Information provided -
◇ ◇ ◇

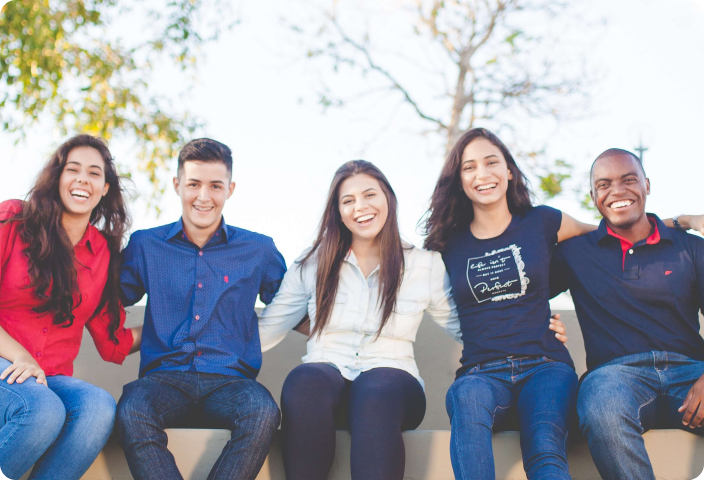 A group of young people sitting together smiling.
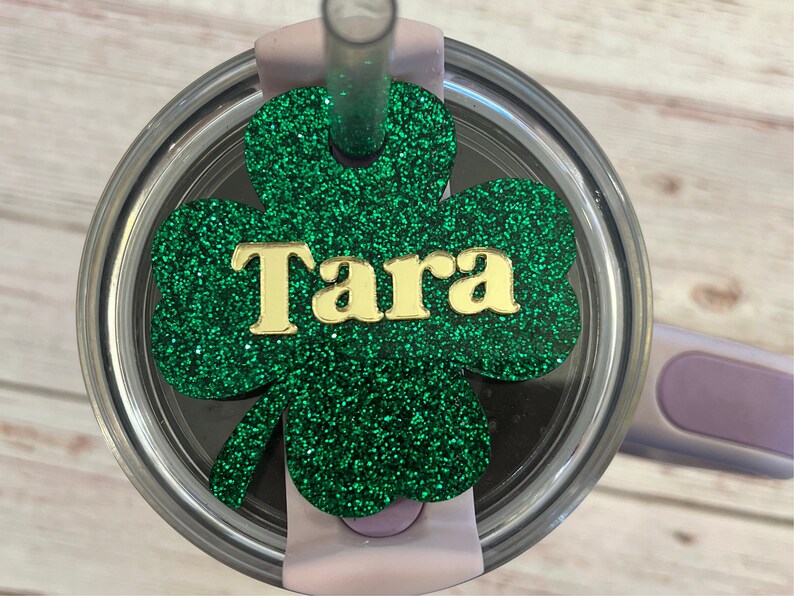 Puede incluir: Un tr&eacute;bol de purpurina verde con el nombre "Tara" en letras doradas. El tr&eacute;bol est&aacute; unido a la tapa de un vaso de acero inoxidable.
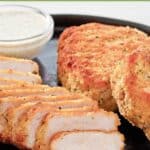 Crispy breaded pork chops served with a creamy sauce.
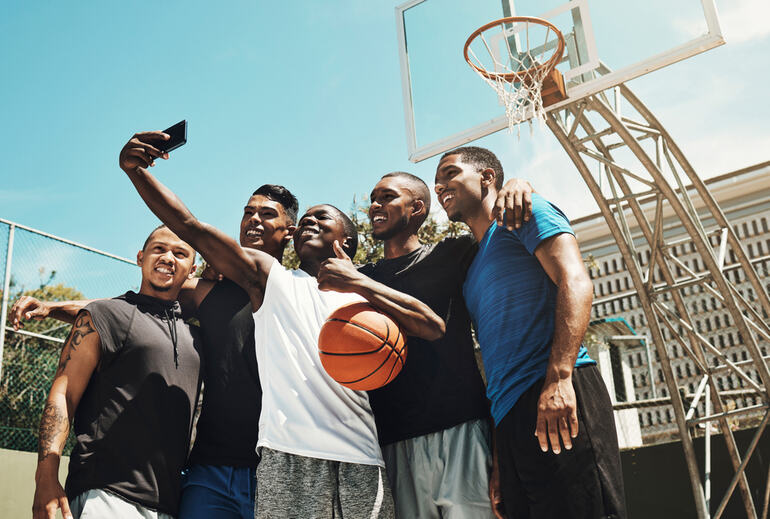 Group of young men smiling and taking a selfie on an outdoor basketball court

◇ ◇ ◇

What to produce - Leaving the pictures aside, copy exactly and only the lines from the one holding "Crispy breaded pork" through the final line of the data, both ends kept.

Response to this exercise -
 Crispy breaded pork chops served with a creamy sauce.
 Group of young men smiling and taking a selfie on an outdoor basketball court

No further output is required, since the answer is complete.